Wednesday, December 30, 2020

Are You The Voice In Your Head And Is That Voice In Your Head Just Movement?

wikipedia |  Subvocalization is commonly studied using electromyography (EMG) recordings,[5] concurrent speaking tasks,[6][7][8] shadowing,[6] and other techniques.[6][7]

EMG can be used to show the degree to which one is subvocalizing[5] or to train subvocalization suppression.[9] EMG is used to record the electrical activity produced by the articulatory muscles involved in subvocalization. Greater electrical activity suggests a stronger use of subvocalization.[5][9] In the case of suppression training, the trainee is shown their own EMG recordings while attempting to decrease the movement of the articulatory muscles.[9] The EMG recordings allows one to monitor and ideally reduce subvocalization.[9]

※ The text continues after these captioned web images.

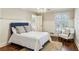 Bright bedroom featuring hardwood floors, stylish chandelier, chair, and large windows at 4627 Angelo Ne Dr, Atlanta, GA 30319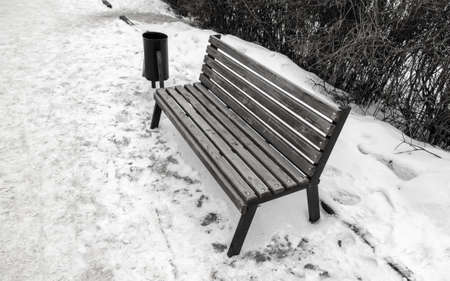 Wooden bench in the snow in the park.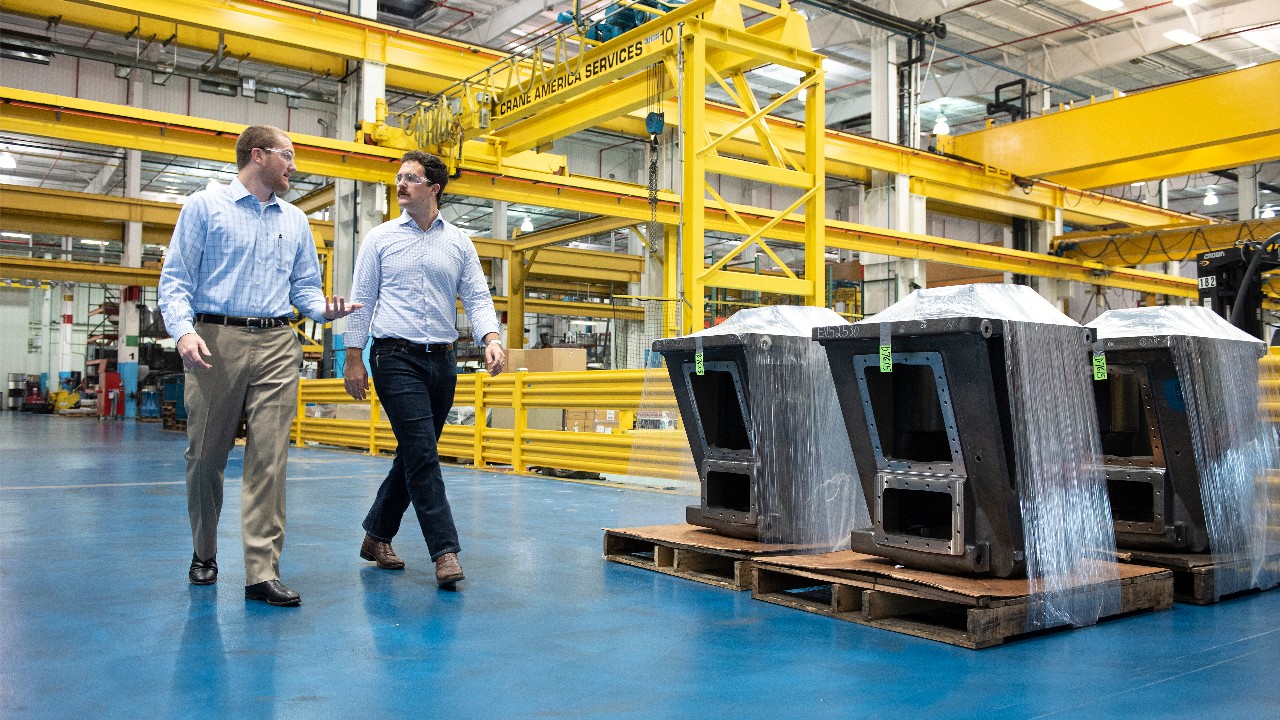 Alex and Hunter Wright walk through the Ariel manufacturing facility 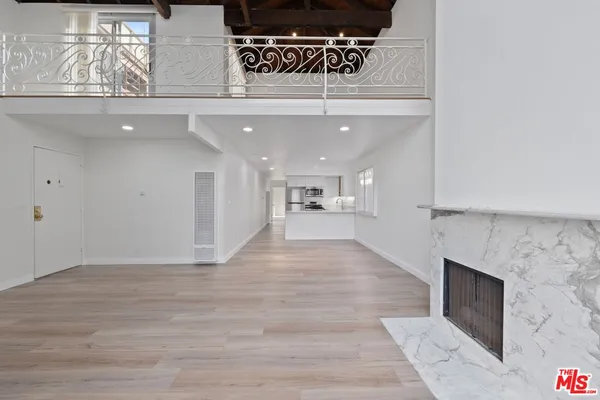 a view of kitchen and front door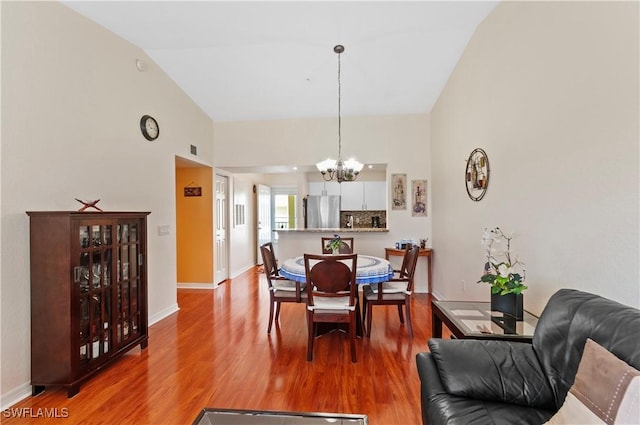 dining space with a notable chandelier, vaulted ceiling, and hardwood / wood-style flooring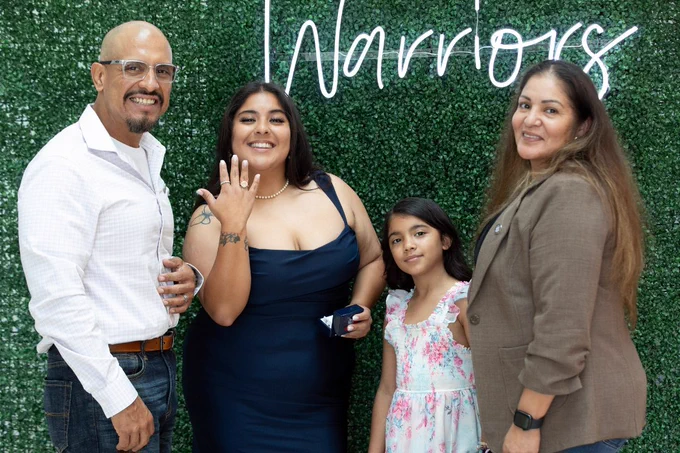 A group of four people smiling in front of a green foliage wall with the word "Warriors" in white script. One person is holding up a hand to show a piece of jewelry. A child is among the group, wearing a floral dress.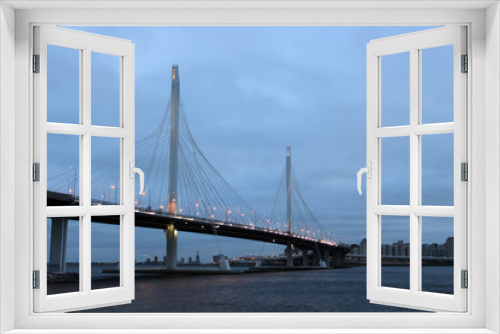 Fototapeta Naklejka Na Ścianę Okno 3D - Modern bridge on Krestovsky island in St. Petersburg. City landscape. December 30, 2019. Cable-stayed bridge at dusk. Highlighting the city bridge.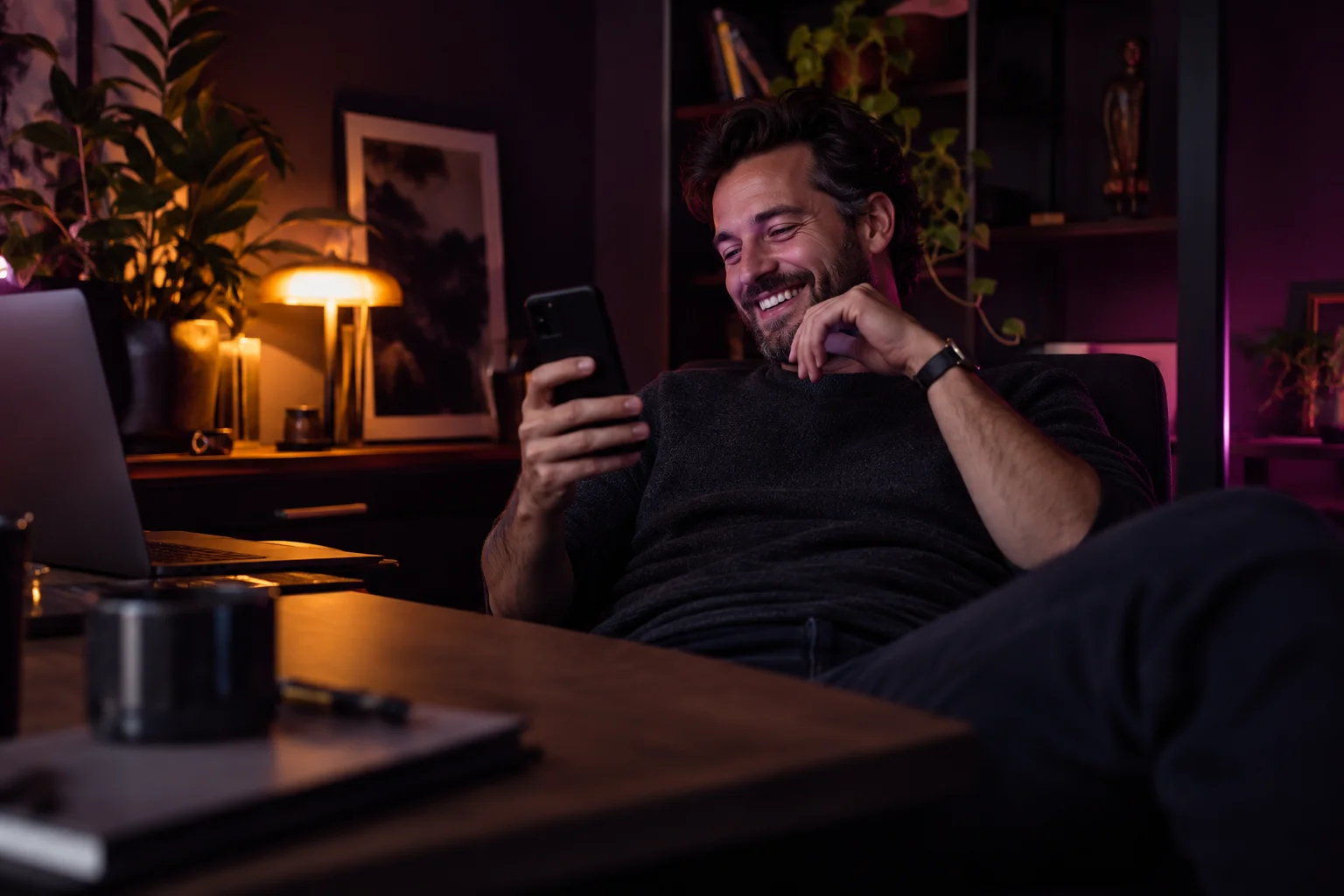 Man leaning back and laughing while reading a message on his phone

In concurrent speaking tasks, participants of a study are asked to complete an activity specific to the experiment while simultaneously repeating an irrelevant word.[6] For example, one may be asked to read a paragraph while reciting the word "cola" over and over again.[8] Speaking the repeated irrelevant word is thought to preoccupy the articulators used in subvocalization.[6] Subvocalization, therefore, cannot be used in the mental processing of the activity being studied. Participants who had undergone the concurrent speaking task are often compared to other participants of the study who had completed the same activity without subvocalization interference. If performance on the activity is significantly less for those in the concurrent speaking task group than for those in the non-interference group, subvocalization is believed to play a role in the mental processing of that activity.[6][7][8][9] The participants in the non-interference comparison group usually also complete a different, yet equally distracting task that does not involve the articulator muscles [7][9](i.e. tapping). This ensures that the difference in performance between the two groups is in fact due to subvocalization disturbances and not due to considerations such as task difficulty or a divide in attention.[7][9]

Shadowing is conceptually similar to concurrent speaking tasks. Instead of repeating an irrelevant word, shadowing requires participants to listen to a list of words and to repeat those words as fast as possible while completing a separate task being studied by experimenters.[6]

Techniques for subvocalization interference may also include counting,[7][8] chewing [10] or locking one's jaw while placing the tongue on the roof of one's mouth.[10]

Subvocal recognition involves monitoring actual movements of the tongue and vocal cords that can be interpreted by electromagnetic sensors. Through the use of electrodes and nanocircuitry, synthetic telepathy could be achieved allowing people to communicate silently.[11]